A 電力小売り自由化や脱炭素化に向けた動きなどさまざまな背景がある中で、発電事業者は火力発電所を減らす方向にかじを切りつつある。この状況下で、供給力確保の対策を取ってこなかった影響が出てきたということだろう。これを機に、真剣に対応していただきたい。供給力を掘り起こそうと、資源エネルギー庁は4月に1カ月かけて発電事業者に契約の見直しなどを働きかけたが、結局何も出てこなかった。自家発も含め、打てる手は既に打っているから当然のことだ。梶山大臣の発言には、打開策があまり残されていないことへの焦りが見えた。
B 確かに、通常は冬の供給力不足については秋ごろに手当てするので、警告が早めにきた印象だ。
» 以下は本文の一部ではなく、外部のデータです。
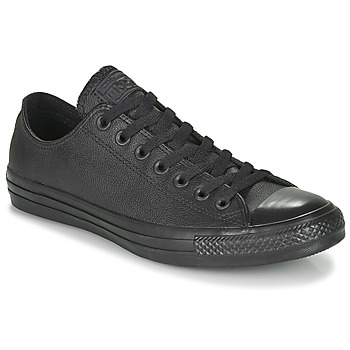 Converse  Sneaker CHUCK TAYLOR ALL STAR MONO OX günstig online kaufen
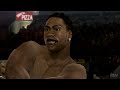 WWE Smackdown Vs. Raw 2009 - Cryme Tyme (High Quality) WWE Smackdown Vs. Raw 2009 - Cryme Tyme (High Quality)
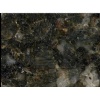 China Green(JingXi)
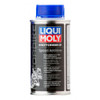 Liqui Moly Motorbike Speed Additive - 150 ml - 153285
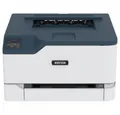 Produktbild: Xerox Multifunktionsdrucker, (USB, LAN und WLAN, Kompakte Bauweise und hohe Druckqualität)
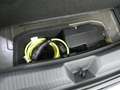 Volkswagen ID.4 Pro 210 kW 4Motion Matrix Navi Ahk ACC Kamera DAB Schwarz - thumbnail 16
秋には容量市場のオークションが控えているし、約定価格が高いなどと不満が出る前に、ノンヘッジの新電力は供給力を確保しておくようにとの警告と受け止めたよ。一方で、調子に乗って石油火力を閉めるなという大手電力会社へのメッセージでもあるんじゃないかな。
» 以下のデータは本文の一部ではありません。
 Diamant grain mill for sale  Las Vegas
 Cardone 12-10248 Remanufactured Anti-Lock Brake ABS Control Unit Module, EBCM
C 次の夏冬と、この1月の電源・需給状況はほぼ同じなのに、1月にはここまでのことは言わなかった。でも今回は言うんだよなと思った。4月にJERAの姉崎火力5、6号機が長期計画停止に入ったことが、東京エリアでの次の冬の需給ひっ迫懸念の引き金を引いたわけだけど、その姉崎が調整力(電源Ⅰ)の追加公募で再稼働するというのはなかなかひどい話。だけど、kW収入を受け取らないと立ちいかないところまで不採算化が進んでしまったのだろう。
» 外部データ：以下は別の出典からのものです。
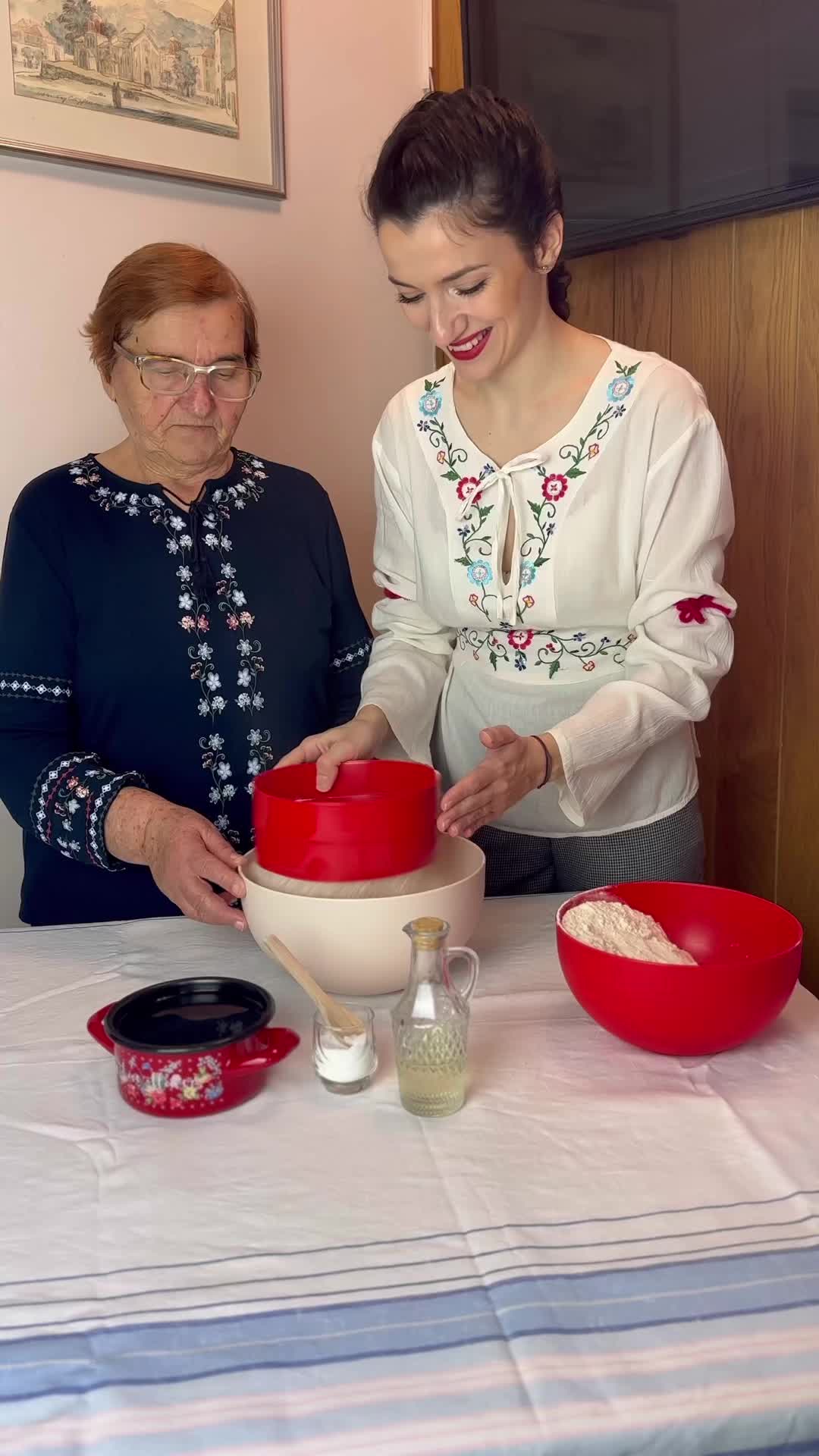 @Milica 👩🏻&zwj;🍳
D 梶山大臣の発言は、日本全体の需給を考えると必要だったのかもしれないが、新電力にとってはタイミングも含めて正直痛かった。冬の市場価格高騰で打撃を受けて、夏に向けてどういう調達を固めていこうか、まさに検討していたところだったからね。売り手が強気になる材料になったし、実際、調達しようとしていたポジションの中で条件が厳しくなった。長期のヘッジニーズは今後も継続するだろう。